■ **Your goal**: The output is the lines below from the one with "Four pastel crocheted" through the one with "2011-2012 Fisker Karma", both included, printed exactly and with no other line.

■ **Material provided**:
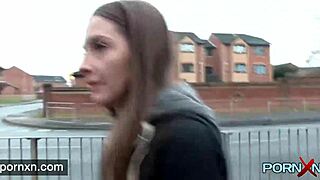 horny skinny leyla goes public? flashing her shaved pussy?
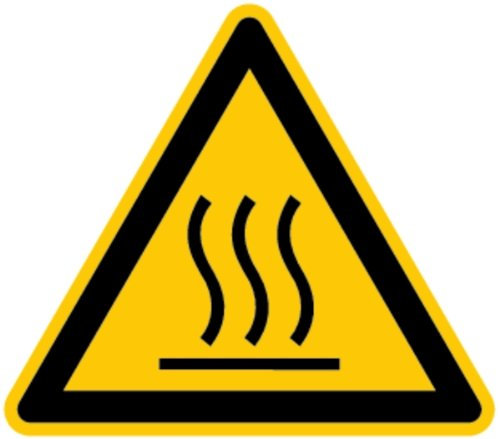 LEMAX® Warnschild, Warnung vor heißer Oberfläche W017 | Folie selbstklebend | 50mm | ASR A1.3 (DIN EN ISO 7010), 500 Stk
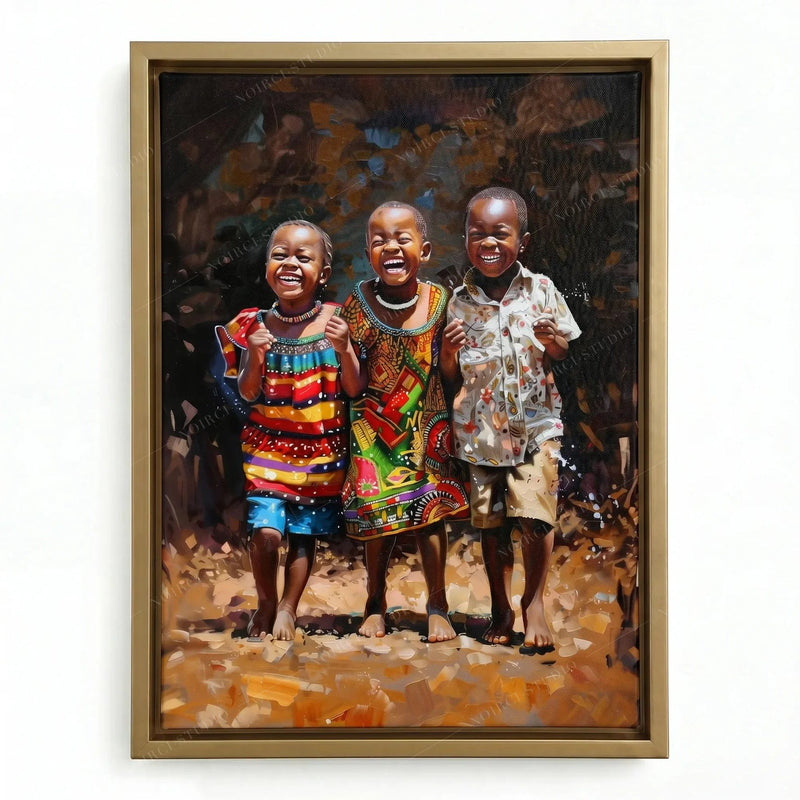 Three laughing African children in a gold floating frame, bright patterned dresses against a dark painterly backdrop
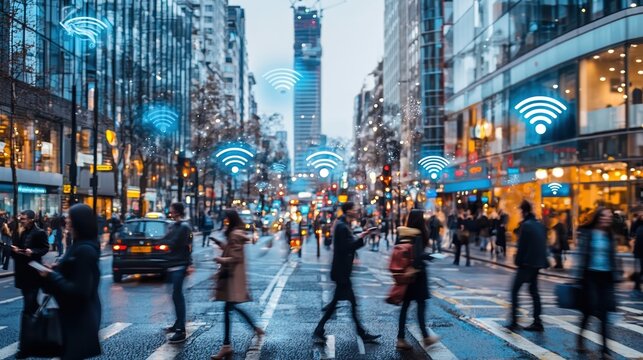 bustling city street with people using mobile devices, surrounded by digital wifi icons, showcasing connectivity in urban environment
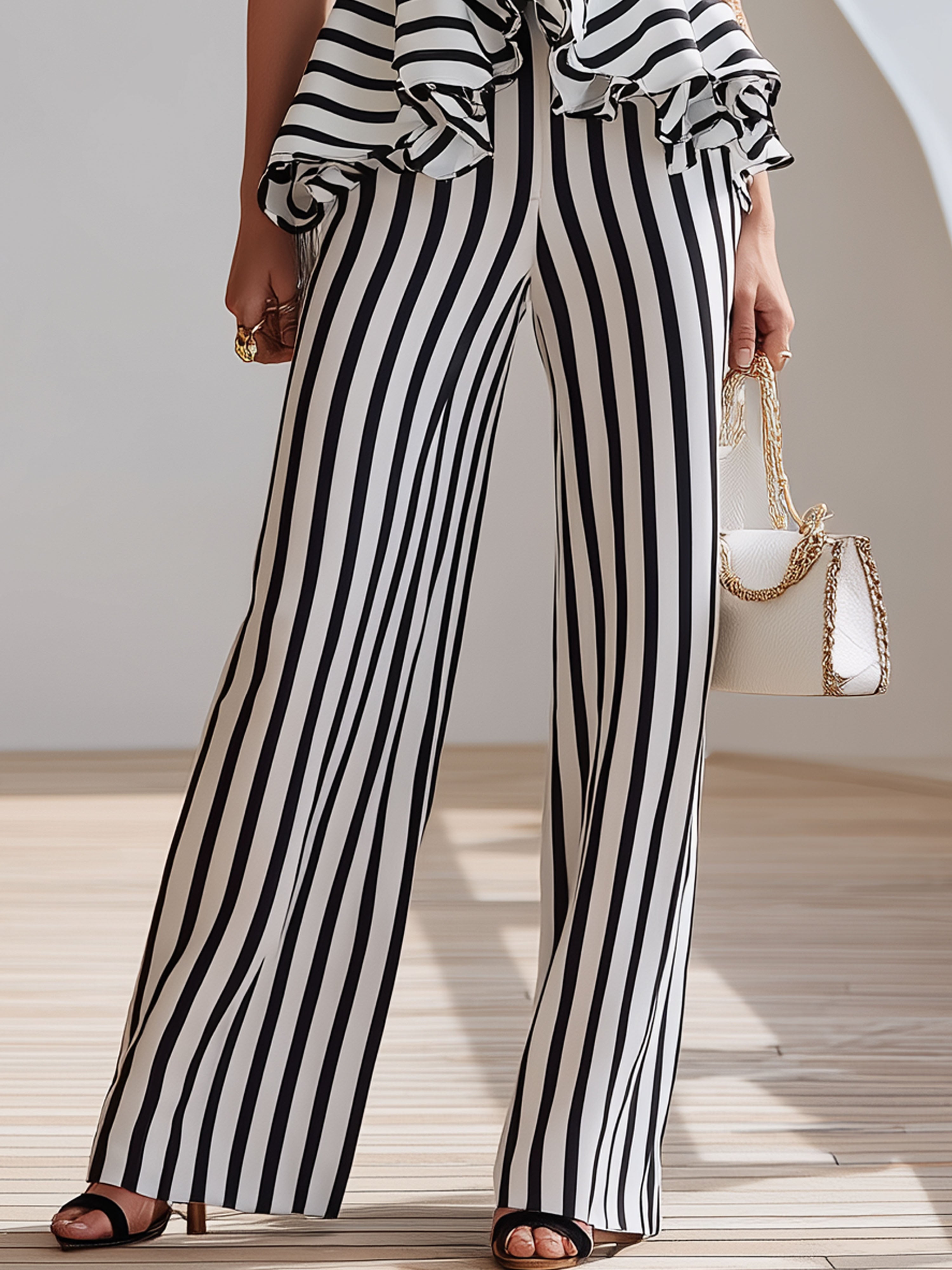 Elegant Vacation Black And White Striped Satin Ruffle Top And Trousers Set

--

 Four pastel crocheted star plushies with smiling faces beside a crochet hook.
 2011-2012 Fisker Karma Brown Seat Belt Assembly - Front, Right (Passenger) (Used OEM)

---

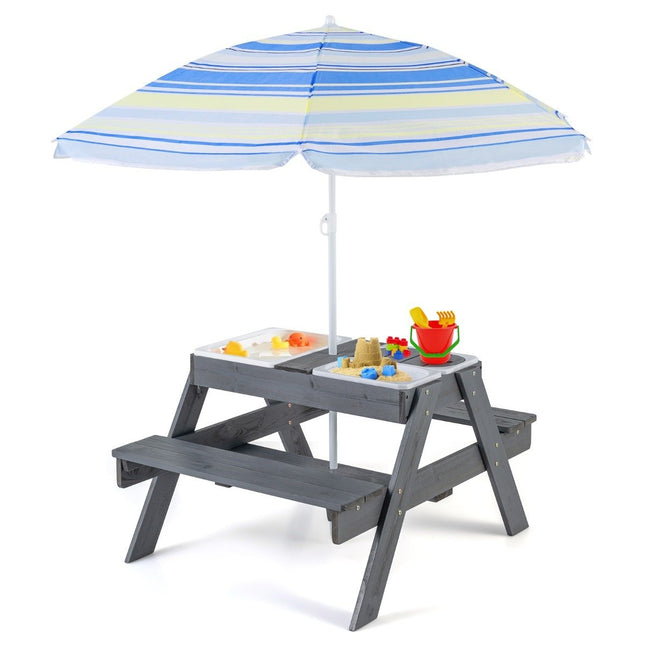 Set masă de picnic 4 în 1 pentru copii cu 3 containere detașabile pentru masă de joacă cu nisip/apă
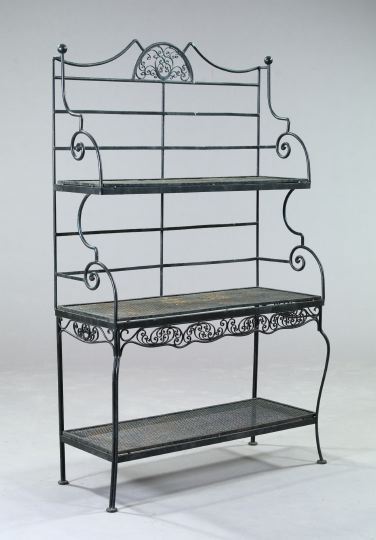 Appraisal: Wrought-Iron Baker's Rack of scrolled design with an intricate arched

■ **Your response**:
 Four pastel crocheted star plushies with smiling faces beside a crochet hook.
 2011-2012 Fisker Karma Brown Seat Belt Assembly - Front, Right (Passenger) (Used OEM)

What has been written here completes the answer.